Germany, which has for years been the most reluctant to the EDIS idea, finally opened the way to progress last month after Finance Minister Olaf Scholz presented a paper outlining conditions for Berlin’s support.
These included setting regulatory limits on how many bonds of a single sovereign a bank can hold in its portfolio and attaching a risk weight to bonds, now treated as risk-free, that would entail keeping higher capital by banks.
This has triggered protests in Italy, because limits on sovereign bond holdings are hard to swallow for a country that has 2.3 trillion euros ($2.54 trillion) of public debt held mainly domestically.
In a further complication to a euro zone deal, Scholz’s domestic political position was severely weakened after he lost elections for the leadership of his Social Democrats party, putting a question mark on the future of the coalition government of Chancellor Angela Merkel.
“The change of leadership of the German SPD lowers the chances of a quick deal on the euro zone integration package,” one senior euro zone official said.
Meanwhile, Rome, to make sure Italian banks will not be forced to limit Italian government bond holdings in the future, is threatening to withhold its consent to the already agreed ESM reform, talks on which closed in June.

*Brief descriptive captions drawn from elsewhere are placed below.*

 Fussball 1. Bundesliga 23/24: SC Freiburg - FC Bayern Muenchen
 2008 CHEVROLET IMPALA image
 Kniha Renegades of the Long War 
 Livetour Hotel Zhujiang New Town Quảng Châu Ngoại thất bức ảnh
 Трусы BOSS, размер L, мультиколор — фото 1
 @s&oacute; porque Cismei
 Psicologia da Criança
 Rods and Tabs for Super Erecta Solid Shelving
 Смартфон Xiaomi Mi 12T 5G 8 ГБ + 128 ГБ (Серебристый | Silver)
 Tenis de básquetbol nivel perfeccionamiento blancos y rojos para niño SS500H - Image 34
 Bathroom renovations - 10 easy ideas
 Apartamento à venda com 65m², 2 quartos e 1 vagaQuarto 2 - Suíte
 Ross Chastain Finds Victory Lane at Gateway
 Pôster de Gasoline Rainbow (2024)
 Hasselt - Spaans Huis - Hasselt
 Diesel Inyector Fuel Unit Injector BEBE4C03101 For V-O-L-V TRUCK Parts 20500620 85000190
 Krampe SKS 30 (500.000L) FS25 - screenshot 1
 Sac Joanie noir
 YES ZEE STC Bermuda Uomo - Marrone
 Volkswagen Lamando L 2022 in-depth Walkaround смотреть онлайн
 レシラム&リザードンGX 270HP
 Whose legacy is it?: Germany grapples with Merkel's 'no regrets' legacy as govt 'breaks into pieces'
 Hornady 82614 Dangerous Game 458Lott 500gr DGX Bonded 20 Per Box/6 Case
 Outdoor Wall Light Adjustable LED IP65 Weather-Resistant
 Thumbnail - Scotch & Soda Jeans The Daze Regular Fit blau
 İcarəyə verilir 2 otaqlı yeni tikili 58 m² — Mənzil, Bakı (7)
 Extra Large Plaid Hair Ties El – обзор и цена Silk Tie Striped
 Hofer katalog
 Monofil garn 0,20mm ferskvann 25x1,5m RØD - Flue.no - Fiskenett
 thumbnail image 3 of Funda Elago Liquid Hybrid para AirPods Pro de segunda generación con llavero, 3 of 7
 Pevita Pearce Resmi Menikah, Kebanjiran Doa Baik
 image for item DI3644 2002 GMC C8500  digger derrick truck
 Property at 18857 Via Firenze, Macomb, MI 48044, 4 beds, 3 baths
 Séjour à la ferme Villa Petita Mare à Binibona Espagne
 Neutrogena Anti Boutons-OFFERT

Planned changes to the ESM treaty would reduce the risk of investors holding out for a better deal in a potential sovereign debt restructuring and give the bailout fund the possibility to mediate between the sovereign and investors.
Italian Economy Minister Roberto Gualtieri said last week euro zone countries would probably sign off on a reform of the ESM only in February, rather than in December as previously planned.